I have a friend that owned a "homemade" snowdog for a few years. It did work pretty good when it ran, but it kept breaking down, so he sold it. The factory ones are nice but not inexpensive.


----------



## DallanC (Jan 13, 2009)

Critter said:


> But if you would of had tracks on your Forman you could of went through those snowdrifts and made it up fishing.
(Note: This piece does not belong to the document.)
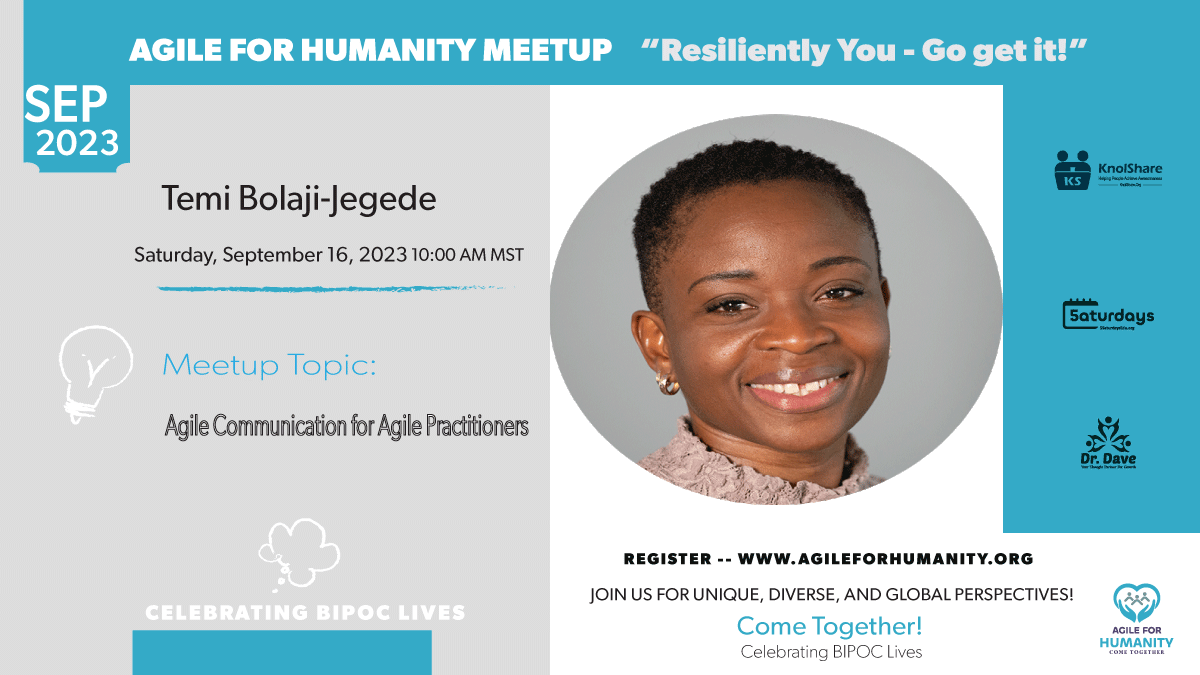 Temi Speaking at Agile for Humanity September 2023 Meetup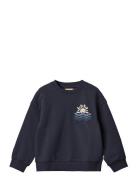 Sweatshirt Sander Tops Sweat-shirts & Hoodies Sweat-shirts Navy Wheat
Yep... thats why I've spent alot of time browsing the Camso website over the past couple weeks. My wife loves to hunt and fish as much as I do, which means I have to outfit her Foreman with tracks too... so 8k? When I already own snowmobiles? I cant justify it.... yet. I keep watching for a deal on used tracks, maybe some will pop up. Foremans are a bit under powered for tracks compared to the bigger machines, but it would still work... and in deeper powder too, as the machines themselves are so light weight.

-DallanC


----------



## taxidermist (Sep 11, 2007)

Sell the sleds and the money would help the sting of tracks?


----------



## DallanC (Jan 13, 2009)

Unlike most other toys I have, snowmobiles don't appreciate considering our now dry winters. For the money... for what I want (fit on a trailer, turn a key and go, heater, terrain can be mud dry or snow), I'm still watching for a bombi. Ford 1.6L Automotive engine, 4 speed automotive trans, they actually are pretty fast in 4th gear.






-DallanC


----------



## dubob (Sep 8, 2007)

turkinator said:


> For those that have/use the snow dogs, how are you hauling them? Do you have a trailer or can you fit them in the bed of a truck with your sled and other gear?


I use an enclosed trailer for all my dog & sleds.








They can be hauled in an open truck bed as well. The commercial compact version will fit inside an SUV. Pull up some of the videos on you tube to see how that is done.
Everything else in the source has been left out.